ESR基因编码的雌激素受体蛋白是一种受雌激素激活的转录因子,ESR 一旦与雌激素结合,就会刺激靶基因转录,进而调控基因表达,ESR介导的信号传导在乳腺癌的发生发展中起着重要作用。ESR2在癌组织中的表达明显低于癌旁正常组织,研究发现其与乳腺癌的发生密切相关。ESR2基因多态性的研究有利于建立对个体发生散发性乳腺癌风险的评估,以便于实现早期预防和治疗。
目前普遍应用的ESR2基因突变检测方法为DNA直接测序法,PCR产物直接进行DNA序列分析,可以明确突变位点,但存在费时费力,成本较昂贵,不适用于对大量样本进行检测等缺点。
发明内容
为解决上述技术问题,本发明利用一种可以特异识别核酸序列的荧光标记探针,通过与靶序列进行杂交后发生构象的变化而释放荧光染料,根据杂交后产生不同温度的峰图判定分型结果。在没有靶DNA存在的情况下,荧光基团与淬灭基团可以稳定地结合在一起,检测不到荧光信号;当有靶DNA存在时,荧光标记探针结构被破坏,荧光基团与淬灭基团相互分离,即可检测到荧光信号;本发明提供了操作简单、可快速检测ESR2基因多态性的探针及方法。

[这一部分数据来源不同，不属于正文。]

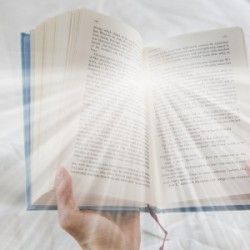 Światło, które widać w książkach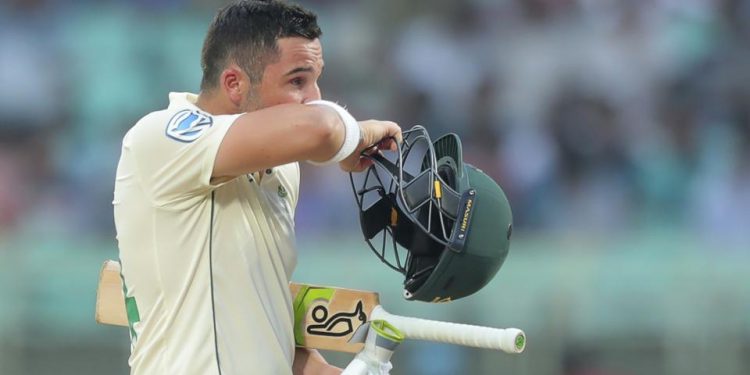 Dean Elgar fell first ball after the delayed start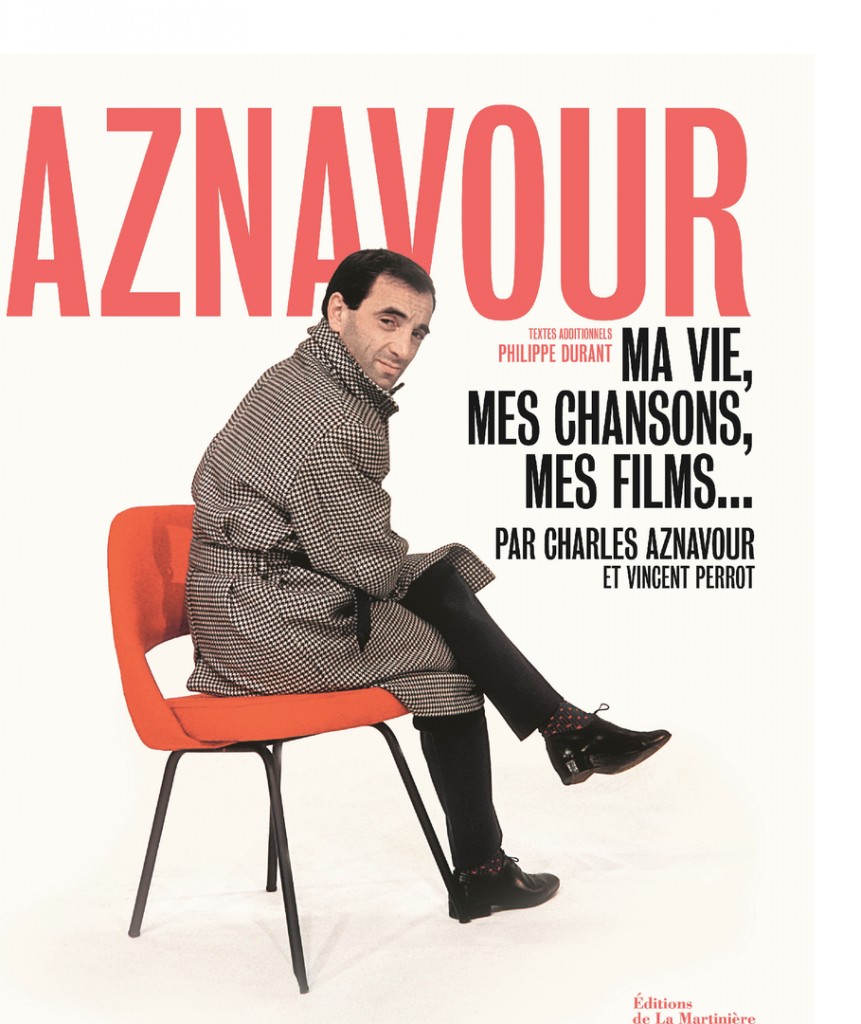 Charles Aznavour se confie au journaliste Vincent Perrot dans un Beau-Livre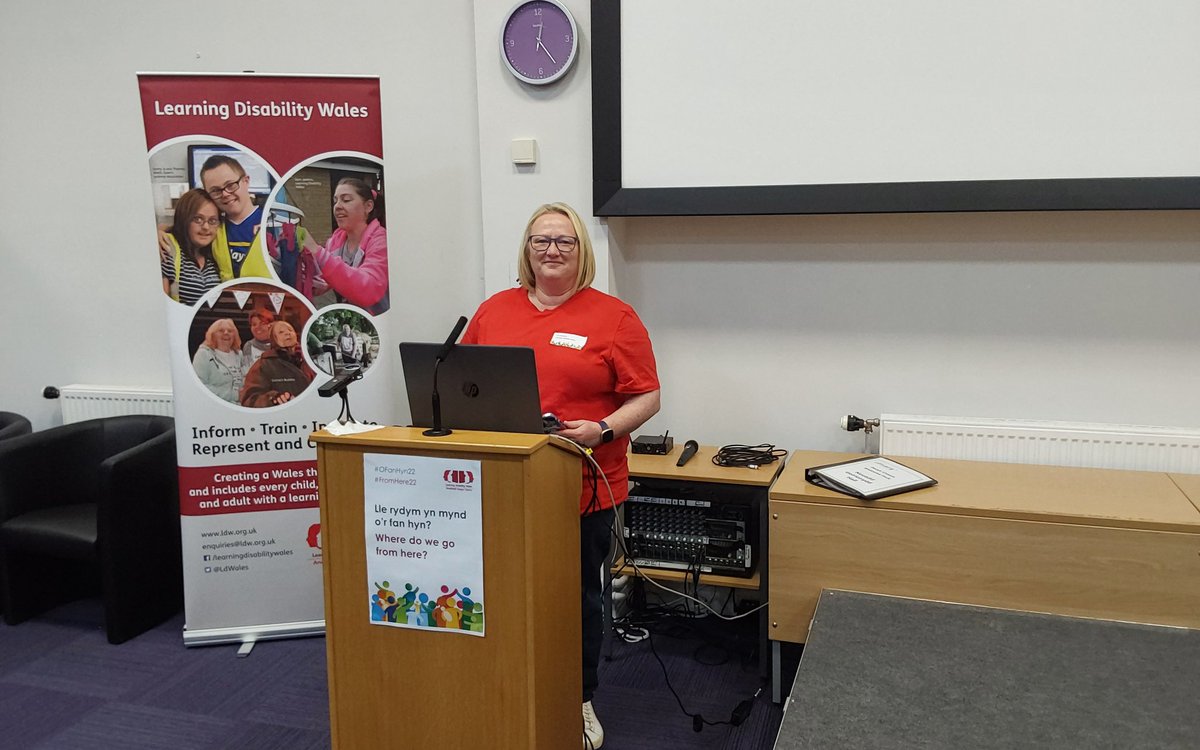 GigBuddiesCymru's tweet photo. @zoeric - @LdWales's CEO - at their #FromHere22 #OFanHyn22 Conference podium.
#latepost https://t.co/1yOWoQCHuI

本发明还提供了一种检测ESR2基因多态性的方法,其特征在于,包括以下步骤:
L1确定ESR2基因突变位点;
L2根据突变位点设计并合成探针和引物
L3将被检测的ESR2目标基因、探针、引物和酶混合进行荧光定量PCR,并监测荧光信号;
L4计算杂交峰所显示的Tm值,根据Tm值判断ESR2基因的类型。
优选地,所述的ESR2基因突变位点包括rs1256054。
优选地,所述的引物包括本发明提供的引物包括:
5′-GCAACGGGTCACGTACGCAA TAGGGATGAGGGGAAATGCG-3′(SEQ ID NO.1)和5′-GCAACGGGTCACGTACGCAA CCCGATAAAACATGGCCCAG-3′(SEQ ID NO.2)。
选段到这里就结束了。